Mom’s prayers were answered. Shaver made her reputation in the Great White North, appearing in 13 films and winning a Best Actress Genie—the Canadian Oscar—for her role in 1978’s In Praise of Older Women. “I worked,” she says. “I got my education.”
Roles in the U.S. followed gradually, including the title character in Jessica Novak, CBS’ short-lived 1981 series about a TV newswoman. Certainly Shaver’s most controversial part was that of a lesbian professor in this year’s critically acclaimed film Desert Hearts. “Kissing another woman is quite extraordinary,” she says, laughing. “There are no whiskers, and it’s very soft.” Though friends thought that as a result she might be typecast as a homosexual, Shaver knew that Desert Hearts was “the best script I’d ever been offered. Besides, I’m quite secure in my sexuality.”

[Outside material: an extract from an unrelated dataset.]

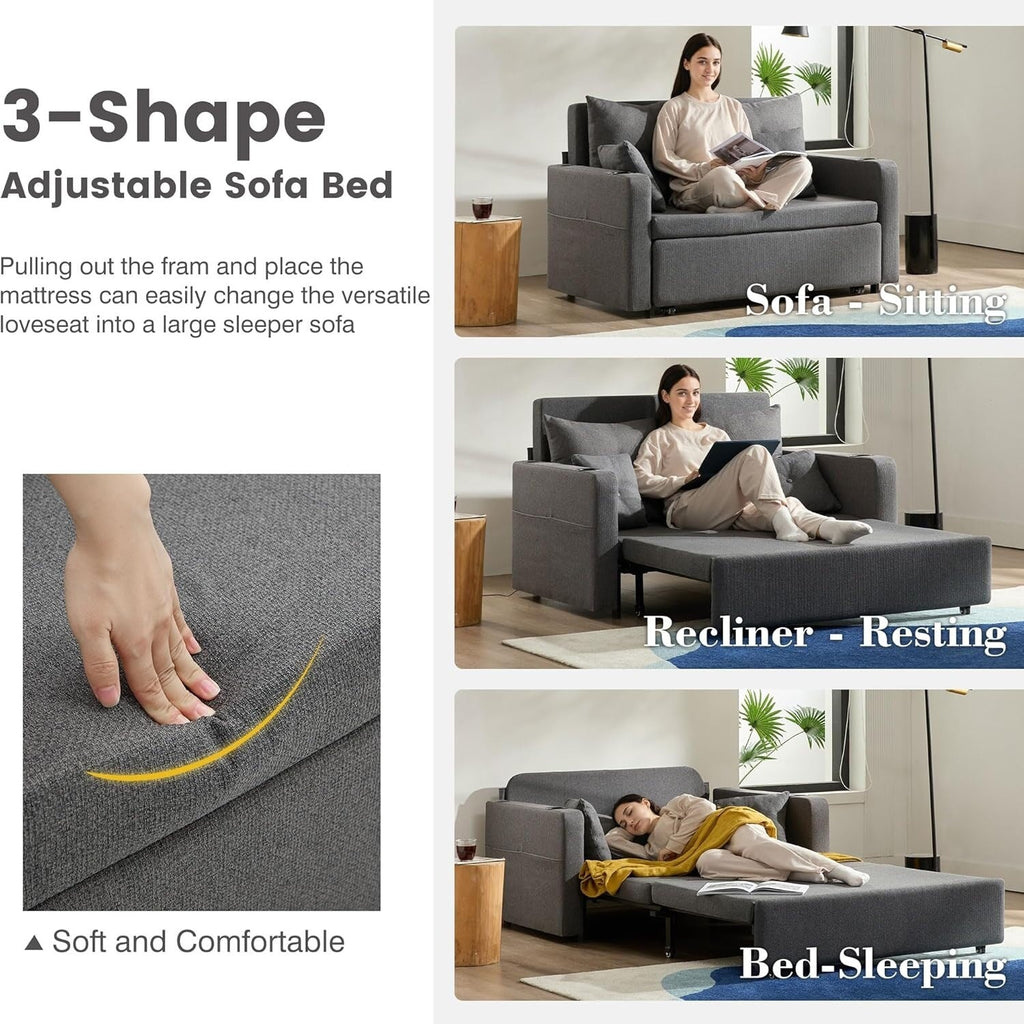 Canapé-lit convertible 3-en-1 de 56 pouces - Canapé-lit escamotable avec porte-gobelets et ports USB, canapé gris foncé pour salon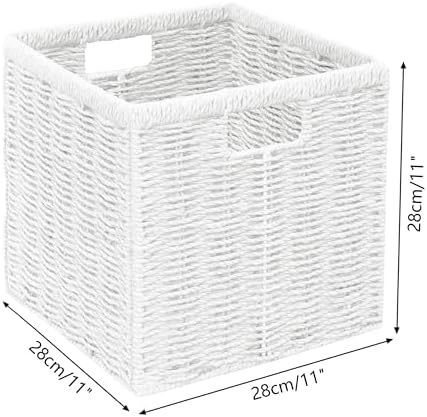Vagusicc 11 inch Wicker Basket, Set of 2 Handwoven Storage Cubes with Handles, Foldable Paper Rope Storage Baskets for Organizing, Shelves, Bathroom, White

Shaver’s private life hasn’t been quite as serendipitous as her career. A three-year marriage to film company executive Steve Reuther ended in 1982. “I’m thrilled I had a relationship with Helen,” says the congenial Reuther, 35. “I feel sorry for people who haven’t.” Shaver says she is currently dating an artist, but won’t name him because “the relationship is in its tender, formative stages.”
Whoever he is, no doubt he shares the sentiments expressed by Color of Money screenwriter Richard Price. “She has the look of having been around a few corners, but she still has a softness,” says Price, who believes that casting a 34-year-old is a blow against “the tyranny of the tight butt and tight face. It takes the Nazism out of age for actresses.” Price’s enthusiasm isn’t surprising. Whether it’s from film-goers, filmmakers or ex-husbands, Shaver usually evokes a spirited response.